Ayeka regularly draws 50 people for Shabbat services, and women are separated from men, per Orthodox practice, by a divider that seats them side by side. The congregation holds prayers according to the standards of what is known as a “partnership minyan” — a model that is followed in a number of liberal Orthodox congregations, largely in the United States and Israel, in which women can chant weekly Torah readings and lead certain portions of services.
“Some are perfectly alright with how Orthodox communities work and that’s great for them. I, as a woman, am outraged whenever I’m at the synagogue and I cannot hear or see what is going on because I’m seated far away in the back behind the men or on a balcony where I can’t hear very well,” Ackermann-Sommer said. “We offer a response to women, among others, who want more participation in the ritual and in the study.”
Some in France have criticized the couple’s philosophy. Others believe the whole concept of Modern Orthodoxy to be illegitimate.
“In Jewish tradition, the notion of modernity does not mean anything at all, the strength of Judaism is that there has been no change since Mount Sinai,” said Rabbi Yves Marciano, longtime rabbi of the Orthodox Les Tournelles Synagogue in Paris, which is situated a few minutes from where Ayeka is located. “Therefore ‘Modern Orthodox,’ it is a very ambiguous concept.”
But Ackermann said their movement does not aim to be “a revolution.”
“We hope to be able to show the French Jewish community that we do not want to reform or fight existing communities but merely open new doors,” he said.

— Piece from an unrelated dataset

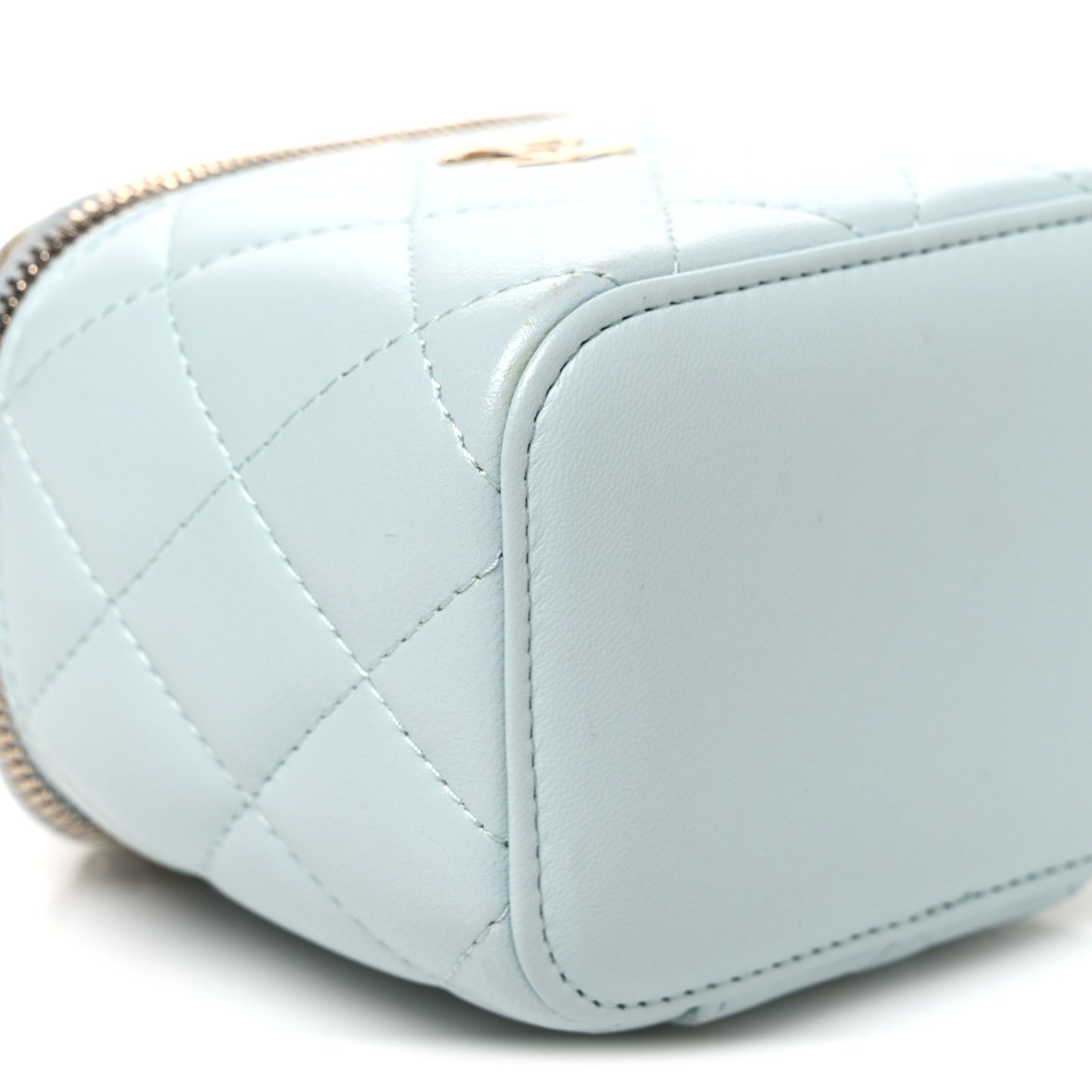 Lambskin Quilted Top Handle Mini Vanity Case With Chain Light Blue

With friend Tali Trèves-Fitoussi, Ackermann-Sommer also offers a series of study courses for women (and men) called Kol-Elles — a play on the words “kollel,” the term for a group of Jewish scholars who study together, and the French female pronoun “elle.” She also runs a podcast called “Daf Yummy,” a play on the practice of Daf Yomi, the practice of studying one double-sided page of the Babylonian Talmud per day.
“Those who come here have an intellectual and spiritual thirst. They are not only women who come as feminists, and the topics studied aren’t only related to women obviously, it’s about getting to know Jewish tradition the way it has long only been taught to men,” Ackermann-Sommer explained.
Trèves-Fitoussi has been a member of Ayeka from its start.
“I wasn’t really going to synagogue anymore as I always felt out of place. Ayeka is the only one where I would go. Modern Orthodoxy makes me feel included. Here, I feel like I exist,” said Trèves-Fitoussi.
Those who join Ayeka “have been looking for another way to be Jewish, a way where men and women have very similar roles and where both men and women can assert their identity as men or women while strictly following Jewish tradition,” Saint-Chéron said. “Ten men are still needed to complete a minyan [prayer quorum], but Ackermann-Sommer can then be the one reading the ‘Mourner’s Kaddish’ [prayer] for instance.”
Ackermann-Sommer was raised in a non-religious household. She discovered Judaism as a teenager through the teachings of her uncle, Alexis Blum, who was rabbi of the community in Neuilly-sur-Seine, a suburb near Paris. She only started actively studying Jewish texts after meeting her husband in 2017.
Marciano is cautious about how Ayeka will blend into France’s religious fabric.
“There are way fewer liberal Jews in France than in the U.S., I don’t see how their movement will fit in here, but we have to give time to time. I have no doubt they will have followers. And I don’t mind, the sun shines for everyone,” he said.
Despite the fact that Ackermann-Sommer lives in Paris, she studied at Yeshivat Maharat remotely and is promoting the school to other French women. Her goal: send as many Orthodox women to study there as possible and help them become Jewish leaders in France. About 10 new rabbis are ordained every year at Yeshivat Maharat; as of now, two French women are studying there and will be ordained in the next two years.
“Our hope is that we initiate a movement that goes way beyond us,” she said.